Salah satu bangunan penting yang ada di dalam lingkungan Keraton Yogyakarta dikenal dengan nama Siti Hinggil.
Dilansir dari laman kratonjogja.id, nama Siti Hinggil berasal dari istilah dalam Bahasa Jawa, yaitu “siti” yang artinya tanah atau area, serta “hinggil” yang artinya tinggi.
Sehingga Siti Hinggil dapat diartikan sebagai tanah atau area yang ditinggikan dengan fungsi filosofis sebagai tempat resmi kedudukan Sultan saat Miyos dan Siniwaka.
Miyos adalah kondisi dimana Sultan beserta pengiringnya meninggalkan kediamannya, sedangkan Siniwaka adalah ketika Sultan Lenggah Dampar atau duduk di singgasana.
Singgasana tersebut terletak di Bangsal Manguntur Tangkil yang digunakan pada saat penobatan (upacara Jumenengan) atau pada saat kraton menyelenggarakan upacara Pisowanan, Garebeg Dal, dan lain sebagainya.

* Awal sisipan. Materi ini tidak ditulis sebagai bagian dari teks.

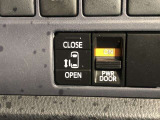 片側パワースライドドアが付いています。運転席やワイヤレスリモコンにも開閉スイッチがあり、とても便利です。半ドア防止や挟み込み防止機能も付いていますよ。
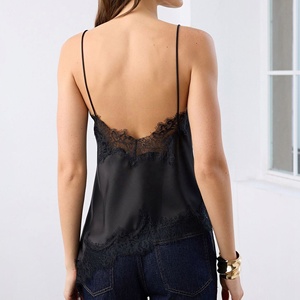 Haut de pyjama en satin pour femme 130 GSM avec dentelle asymétrique à cils, col en V, sans manches, noir – Fabricant de vêtements - Product Image 4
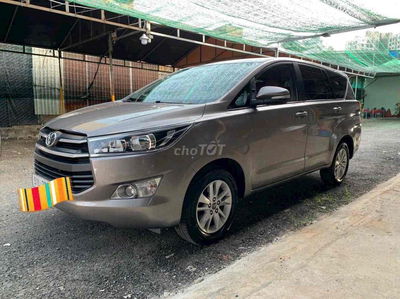 Toyota Innova 2017 2.0G - 68000 km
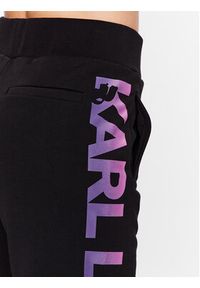 Karl Lagerfeld - KARL LAGERFELD Spodnie dresowe 230W1052 Czarny Regular Fit. Kolor: czarny. Materiał: bawełna, dresówka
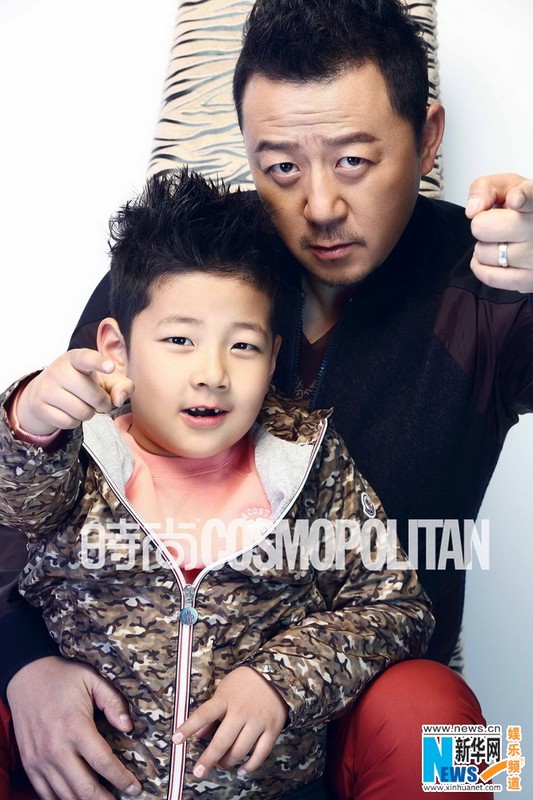 Фото: Модный актер Го Тао и его сын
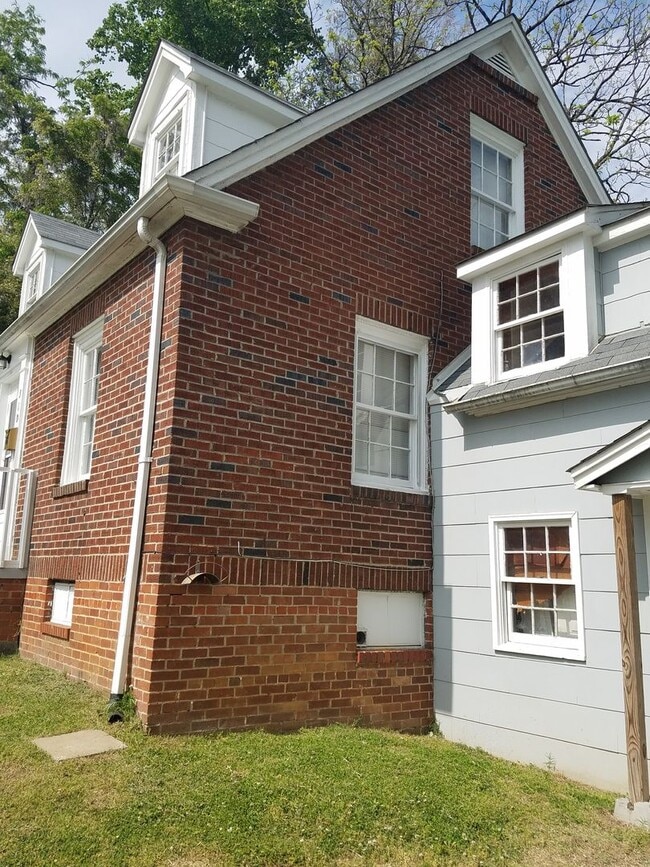 Building Photo - 310 Ridge St NW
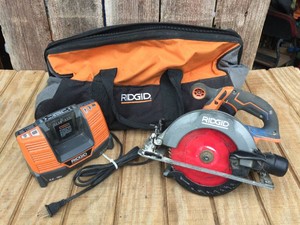 RIDGID R8655 Cordless 18V 6 12 Trim Saw  Charger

Sejarah Pembangunan Siti Hinggil
Pembangunan Siti Hinggil dilakukan bersama dengan pembangunan Keraton Yogyakarta oleh Sri Sultan Hamengkubuwono I pada 1755.
Hingga pada 7 Oktober 1756 atau hari Kamis pahing tanggal 13 Sura-Djimakir 1682 Jw, Sri Sultan Hamengkubuwono I akhirnya meninggalkan Pesanggrahan Ambarketawang untuk pindah ke Kraton Yogyakarta.
Dilansir dari laman Kemendikbud, bentuk bangunan Siti Hinggil hingga masa kepemimpinan Sri Sultan Hamengkubuwono VIII masih tampak sederhana.
Renovasi bangunan hingga terlihat megah seperti saat inii dilakukan oleh Sri Sultan Hamengkubuwono VIII.
Tahun pembangunan diketahui dari candrasengkala memet berupa dua ekor naga dengan penutup kepala atau kuluk raja di antara sulur-suluran bunga yang dibaca “Pandhita Cakra Naga Wani”, yang berarti angka tahun 1857 Jawa.
Sementara untuk tahun masehi digambarkan dengan surya sengkala memet kumbang, tangan, dan suluran bunga yang dapat dibaca “Gana Asta Kembang Lata”, yang berarti angka tahun 1926.
Bangunan Siti Hinggil seperti halnya Pagelaran menggunakan kerangka besi dan ditopang dengan kolom besi cor yang didatangkan dari Belanda.